JAKARTA- Sejumlah organisasi massa nasional melakukan aksi bersama di Jakarta, Kamis (19/9), menuntut Presiden Jokowi segera membubarkan Badan Pelayanan Jaminan Sosial (BPJS). Lembaga tersebut dinilai telah gagal mengurus rakyat, sebaliknya menjadi mesin penghisap darah dan keringat rakyat lewat iuran bulanan yang diwajibkan dibayar oleh seluruh rakyat.

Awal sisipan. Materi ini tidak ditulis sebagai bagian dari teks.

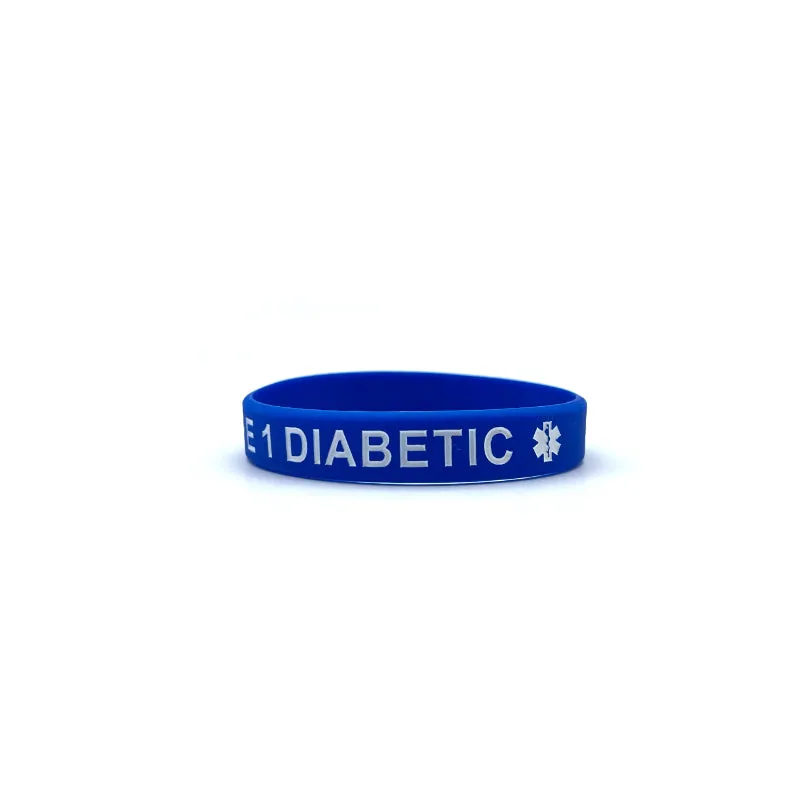 Type 1 Diabetic Medical Alert Silicone Wristband (Dark Blue)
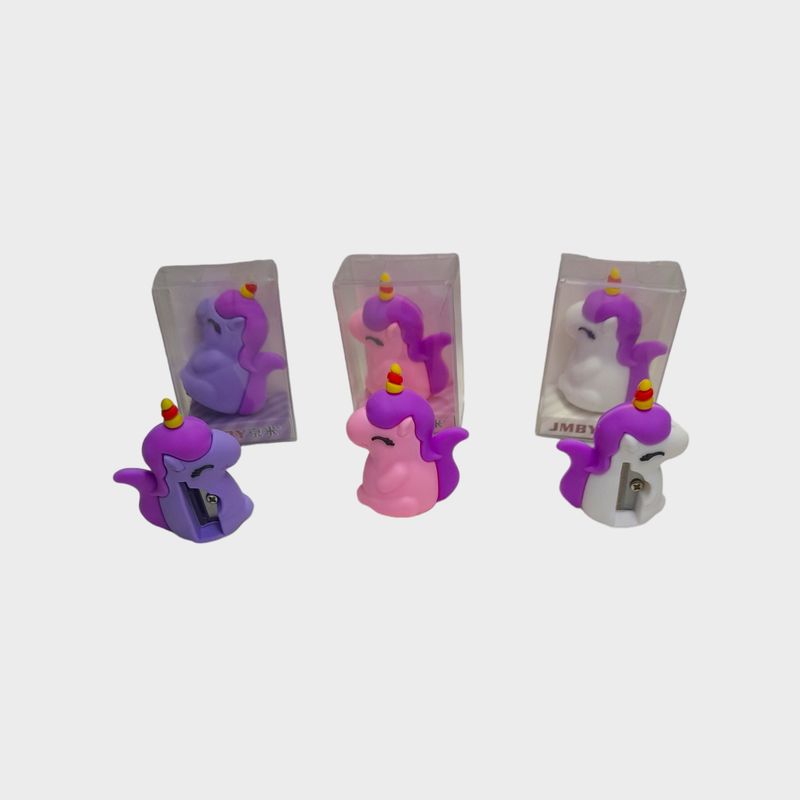 GENERICO - Sacapuntas kawaii diseño unicornio morado 3d
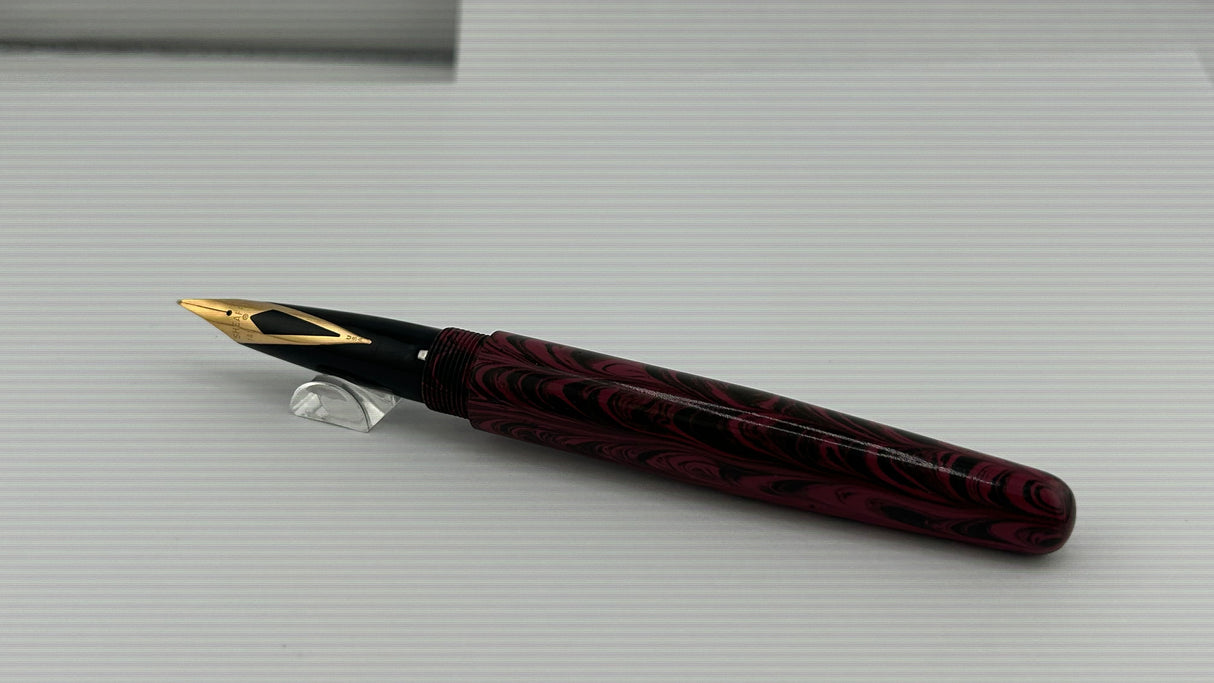 Ranga Abhimanyu Imperial Ebonite Red Black Ripple Sheaffer Finish Inlaid Nib - Fountain Pen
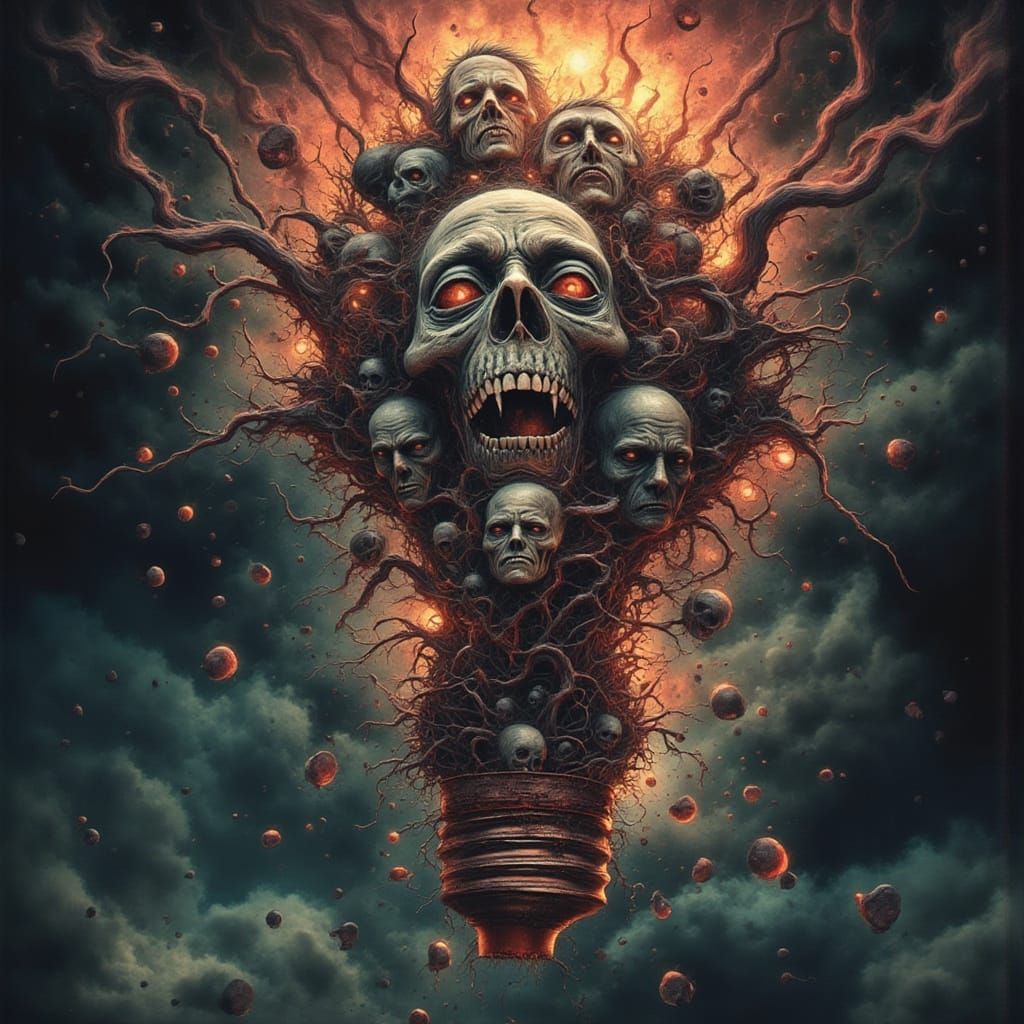 Nightmarish Mindscape Inside a Grinning Man's Head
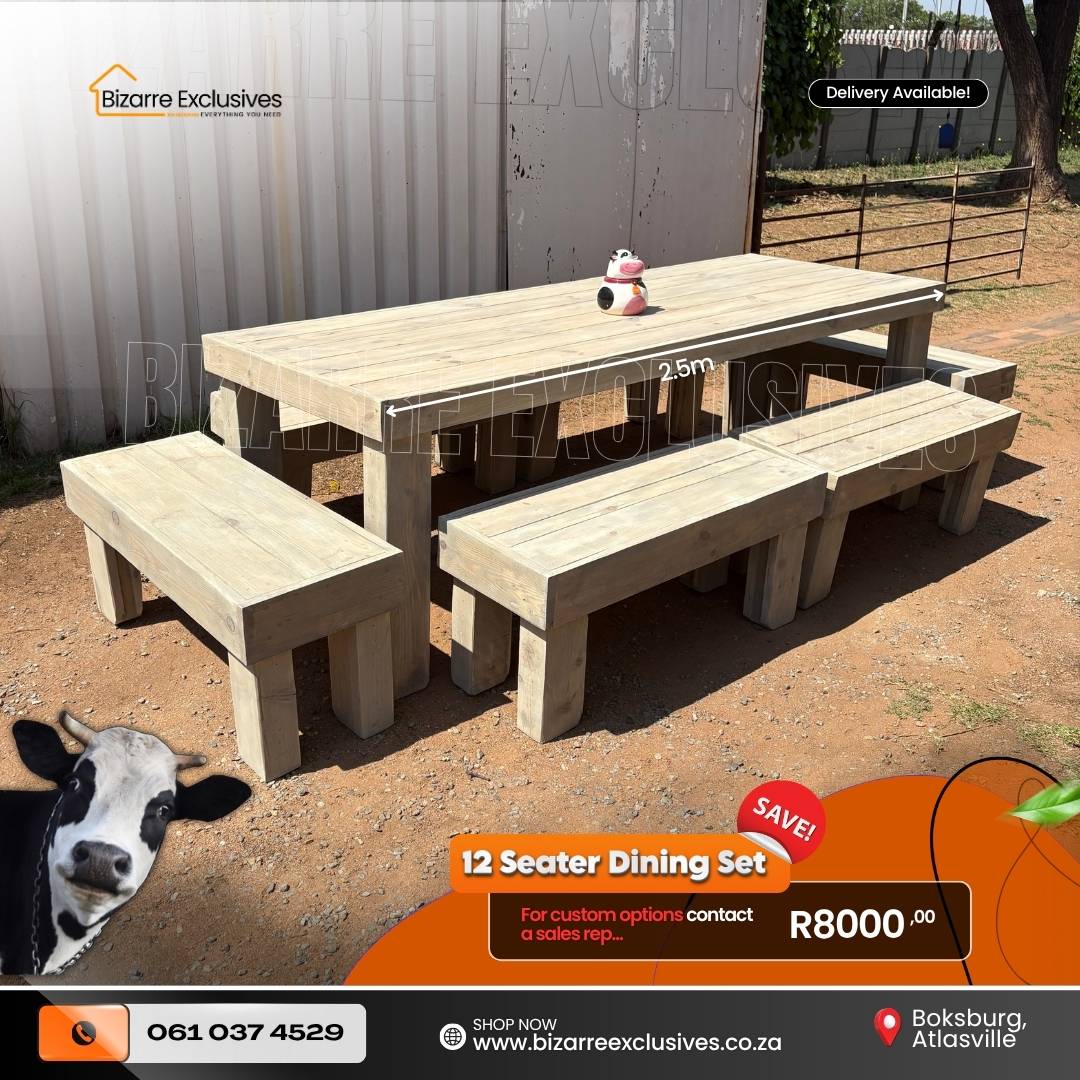 Luxury large 12 seater dining table and benches set gauteng.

“Negara juga sudah dirugikan ratusan triliun menutup defisit BPJS berkali-kali lembaga asuransi berkedok jaminan kesehatan ini. Bubarkan BPJS dan segera kembali ke Jamkesmas (Jaminan Kesehatan Nasional) oleh pemerintah,” tegas Wahida Baharuddin Upa, Ketua Umum Serikat Rakyat Miskin Indonesia (SRMI) dalam orasinya dihadapan ribuan massa dari Serikat Rakyat Miskin Indonesia (SRMI), Liga Mahasiswa Nasional untuk Demokrasi (LMND), Front Nasional Perjuangan Buruh Indonesia (FNPBI), Serikat Tani Nasional (STN), Jaringan Kebudayaan Rakyat (JAKER) dan Api Kartini.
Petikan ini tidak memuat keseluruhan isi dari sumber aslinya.